→ **EXERCISE INSTRUCTIONS**
In the records below, repeat exactly the lines between the line holding "Stupell Industries Watercolor" and the line holding "Darzheoy Artificial Pansy", inclusive, and drop the pictures.

→ **RECORDS**
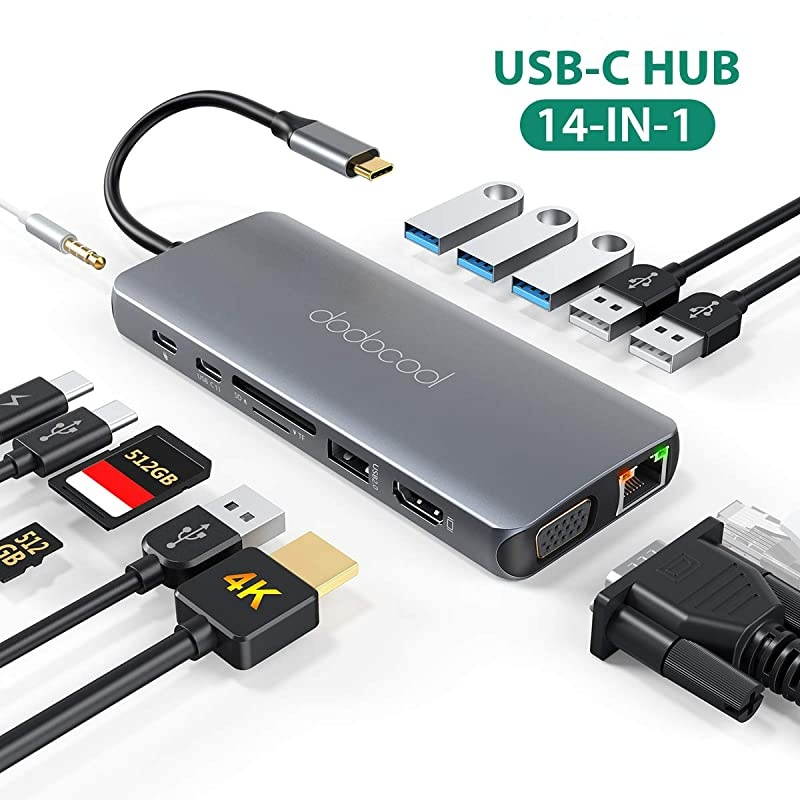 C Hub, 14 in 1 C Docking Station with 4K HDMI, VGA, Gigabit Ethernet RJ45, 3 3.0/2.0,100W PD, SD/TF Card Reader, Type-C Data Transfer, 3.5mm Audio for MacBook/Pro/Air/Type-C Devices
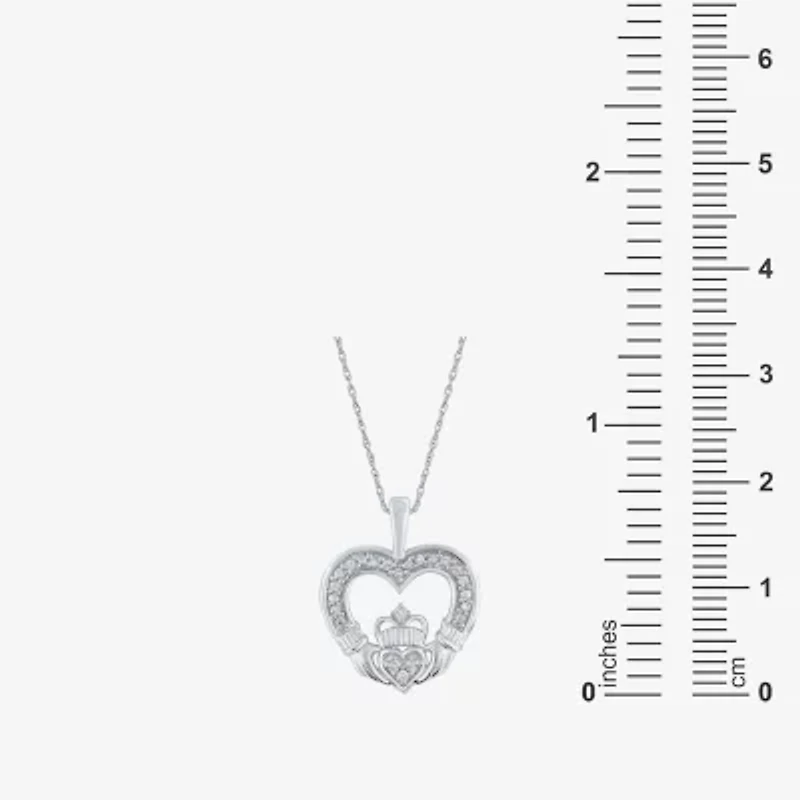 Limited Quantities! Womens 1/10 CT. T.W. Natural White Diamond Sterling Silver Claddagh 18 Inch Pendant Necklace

--

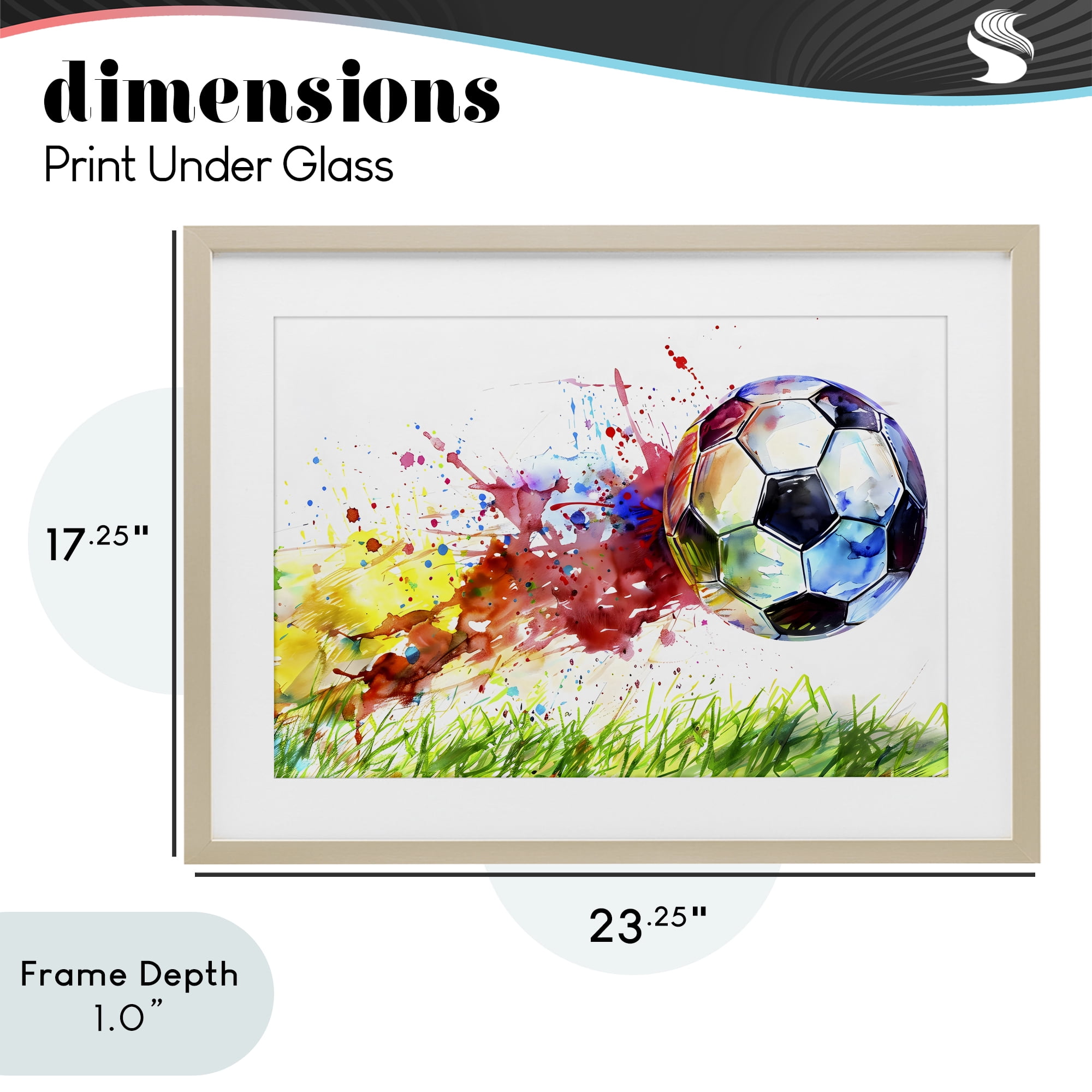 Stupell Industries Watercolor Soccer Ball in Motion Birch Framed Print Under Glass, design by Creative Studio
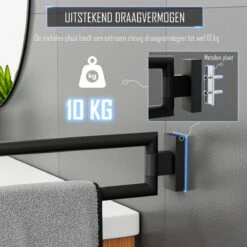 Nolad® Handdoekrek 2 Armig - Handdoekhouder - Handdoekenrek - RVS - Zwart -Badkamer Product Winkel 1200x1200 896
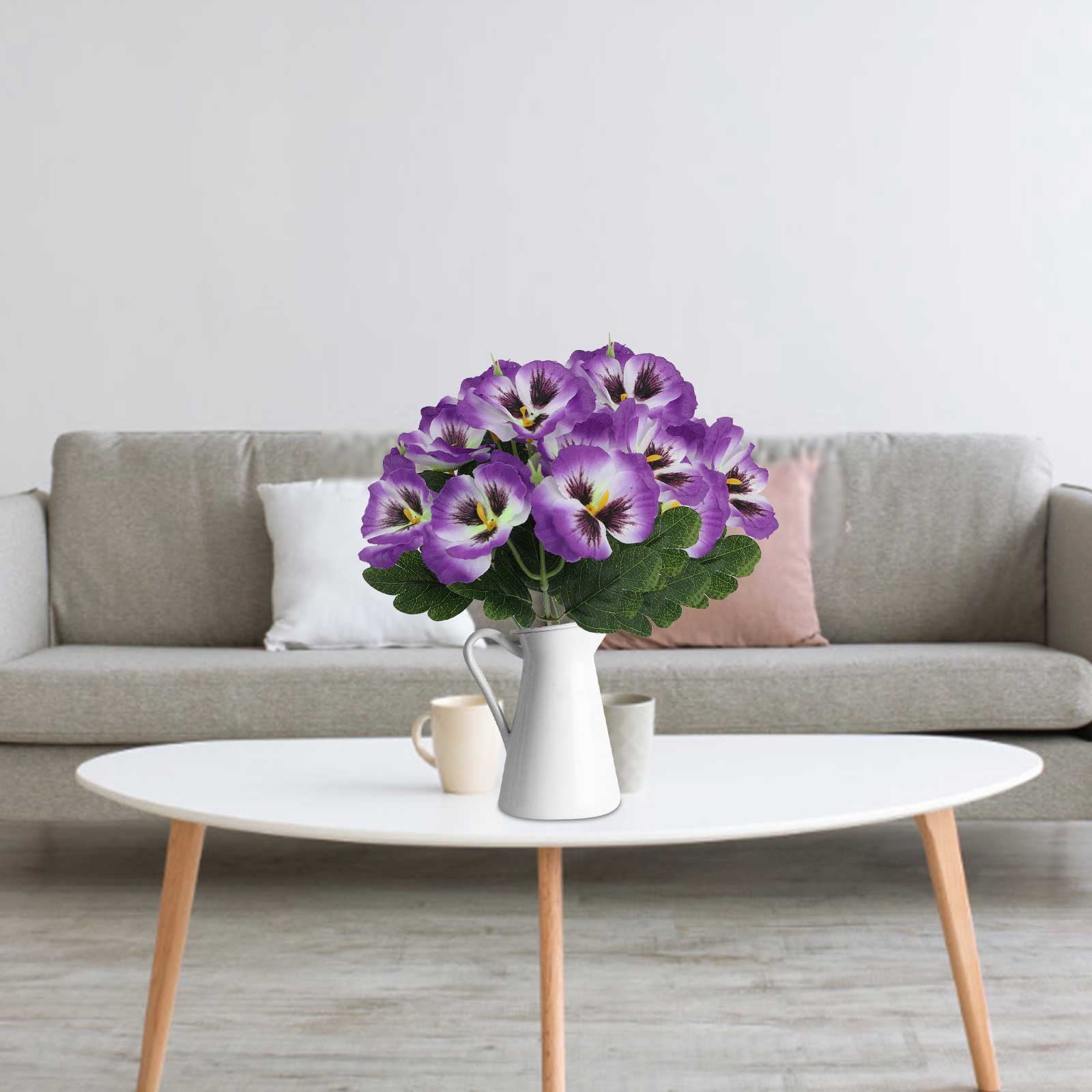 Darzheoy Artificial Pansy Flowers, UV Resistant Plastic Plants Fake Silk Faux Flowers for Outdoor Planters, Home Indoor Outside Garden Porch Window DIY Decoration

→ **ANSWER TO THIS TASK**
 Stupell Industries Watercolor Soccer Ball in Motion Birch Framed Print Under Glass, design by Creative Studio
 Nolad® Handdoekrek 2 Armig - Handdoekhouder - Handdoekenrek - RVS - Zwart -Badkamer Product Winkel 1200x1200 896
 Darzheoy Artificial Pansy Flowers, UV Resistant Plastic Plants Fake Silk Faux Flowers for Outdoor Planters, Home Indoor Outside Garden Porch Window DIY Decoration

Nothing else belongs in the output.